■ REQUIRED WORK ■
Starting at the line that contains "this 1024×771 image.", write out each line exactly through the last one in the material below, and nothing more; omit all pictures.

■ SUPPLIED MATERIAL ■

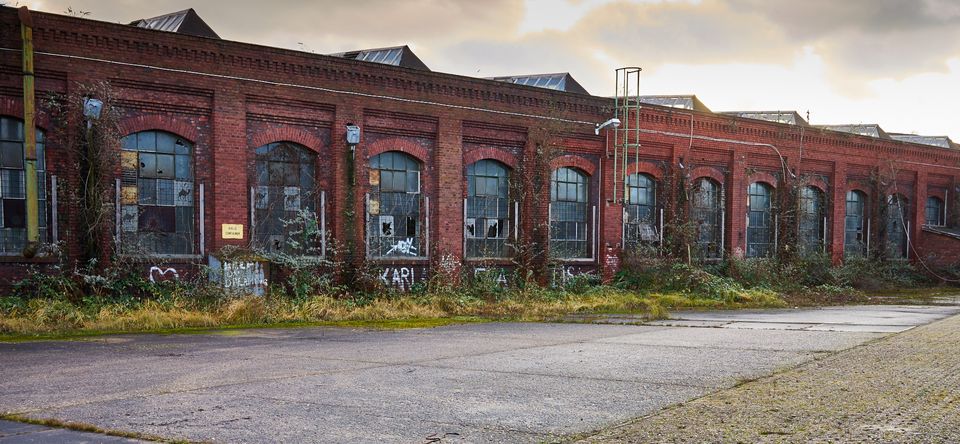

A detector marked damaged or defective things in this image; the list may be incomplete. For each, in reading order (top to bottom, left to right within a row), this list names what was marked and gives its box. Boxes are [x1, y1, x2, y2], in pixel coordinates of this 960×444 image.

cracked pavement [1, 306, 960, 444]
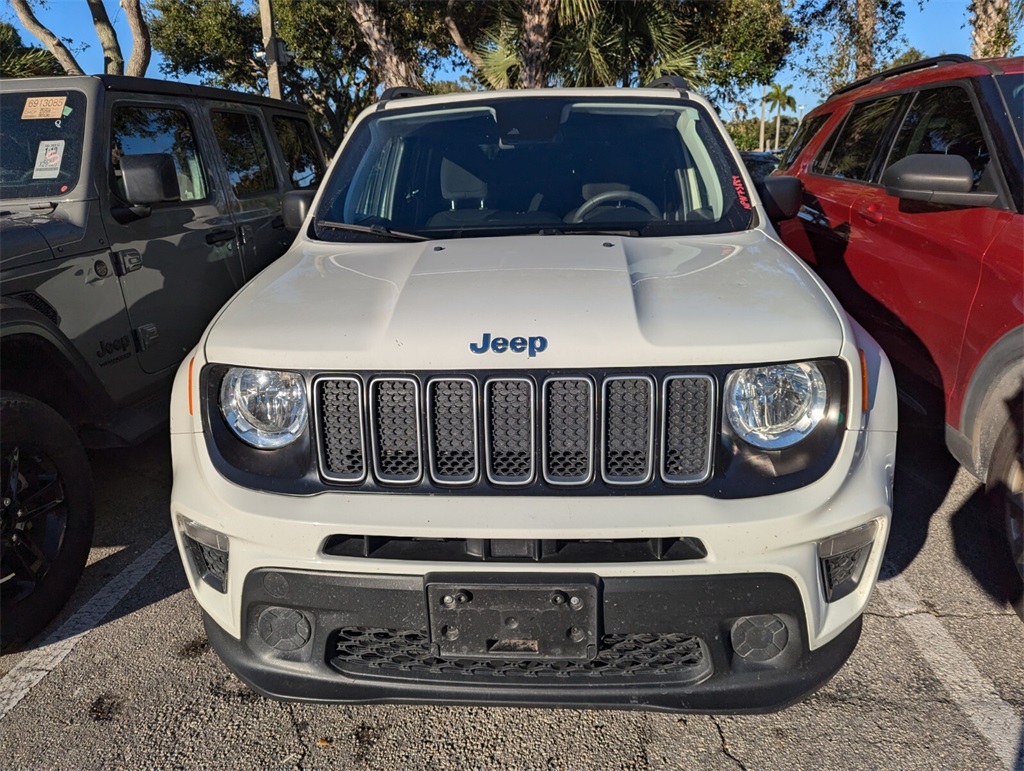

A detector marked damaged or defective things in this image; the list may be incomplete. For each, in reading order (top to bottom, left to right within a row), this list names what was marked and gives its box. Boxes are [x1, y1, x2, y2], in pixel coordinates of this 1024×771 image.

pavement crack [708, 712, 749, 765]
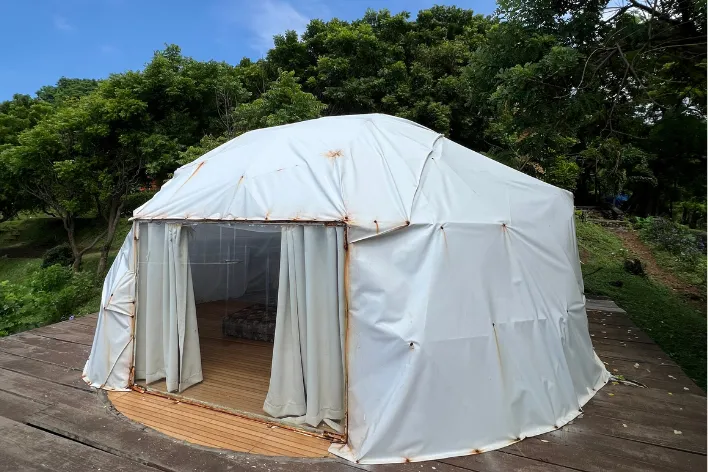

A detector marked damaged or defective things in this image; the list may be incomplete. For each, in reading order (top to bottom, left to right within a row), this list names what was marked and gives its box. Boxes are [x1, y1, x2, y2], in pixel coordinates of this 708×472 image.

rusty metal frame [129, 219, 350, 444]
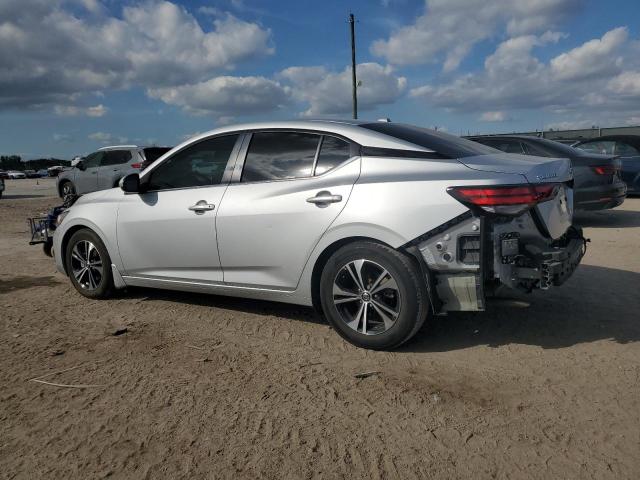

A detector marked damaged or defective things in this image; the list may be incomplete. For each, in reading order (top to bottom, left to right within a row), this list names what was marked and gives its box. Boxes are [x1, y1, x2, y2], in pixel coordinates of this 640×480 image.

■ YOUR RESPONSE ■
A detector marked damaged or defective things in this image; the list may be incomplete. For each, in reading order (top to bottom, left to right within a row), this list names what was marked and gives its box. Boxes are [x1, y1, x2, y2], in pixel coordinates of this 1024×771 image.

pavement crack [708, 712, 749, 765]

A detector marked damaged or defective things in this image; the list may be incomplete. For each, in reading order (top to bottom, left to right within a row), this list names what was marked and gives its box. Boxes are [x1, y1, x2, y2], in pixel coordinates of this 708×472 image.

rusty metal frame [129, 219, 350, 444]

A detector marked damaged or defective things in this image; the list may be incomplete. For each, in reading order (top to bottom, left to right within a row), this list names what was marked and gives its box. Boxes are [x1, y1, x2, y2], in pixel coordinates of this 640×480 image.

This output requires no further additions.